We only apply between 50-90Kg of Nitrogen per hectare per year to the greens (even less on the Old Course) we take regular soil samples to ensure we know what nutrients are required. Our only other feeds are some seaweed products and the odd application of iron to harden up the greens prior to winter. The tees receive a similar amount and we don't fertilise the fairways
Overseeding the greens is a difficult process due to the constant demand for play and the fact that major or important tournaments are played during the optimum weather windows for germination, July to September. We are now trying to overseed any small areas at every opportunity and having large greens helps this. This year, our last major event, the Dunhill Links Championship, finishes on October 2nd.

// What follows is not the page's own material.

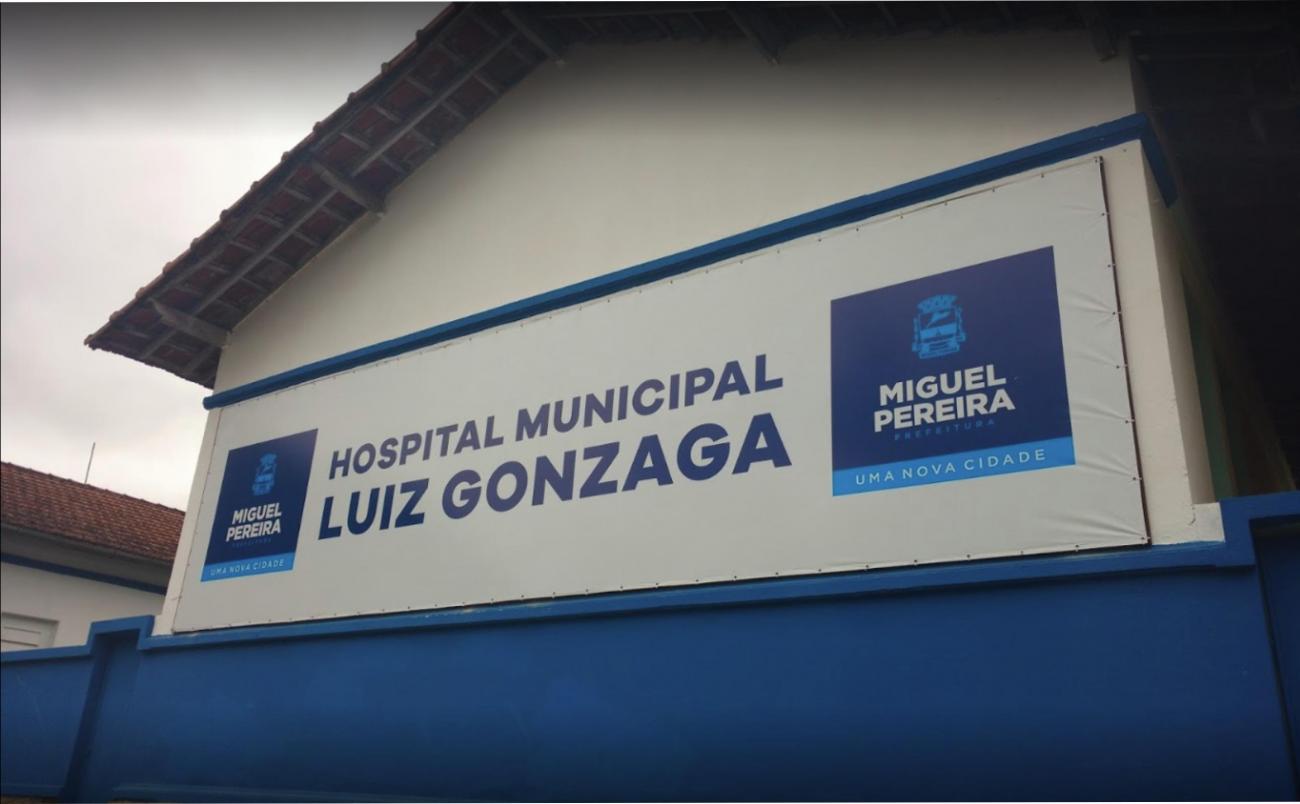 Hospital de Miguel Pereira cancela cirurgias, exames e consultas ambulatoriais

We will overseed straight after this event and hope soil and air temperatures are still favourable for effective seed germination.
We are very well mechanised, utilising TORO equipment for the maintenance of greens and tees, Ransomes/Jacobsen for fairways, semi rough and rough, Ford/New Holland and McCormick tractors, along with various other equipment.
All the courses are open seven days a week, except for the Old Course, which other than for a handful of particular events each year is closed on Sundays. We use this opportunity to carry out any necessary works to keep the Old Course in tip top condition and at the same time we avoid disturbing golfers
We are also governed by our environment strategy which states that we endorse the adoption of environmentally friendly practices throughout the Links, and recognise the importance of such practices not only locally, but nationally and globally.
These practices include waste minimisation and recycling, energy efficiency, minimal use of chemicals, water resource management and nature and landscape conservation. To achieve this it is important to keep up with legislation and technology changes.
Communication is a key element in achieving the standards we set at St Andrews. All the greenkeeping staff have the opportunity to attend regular meetings and training days to keep them up to speed with the latest technologies. We are lucky in that along with Elmwood College which is just down the road we are able to send a number of our staff to various places to obtain the necessary training and education requirements to do their jobs.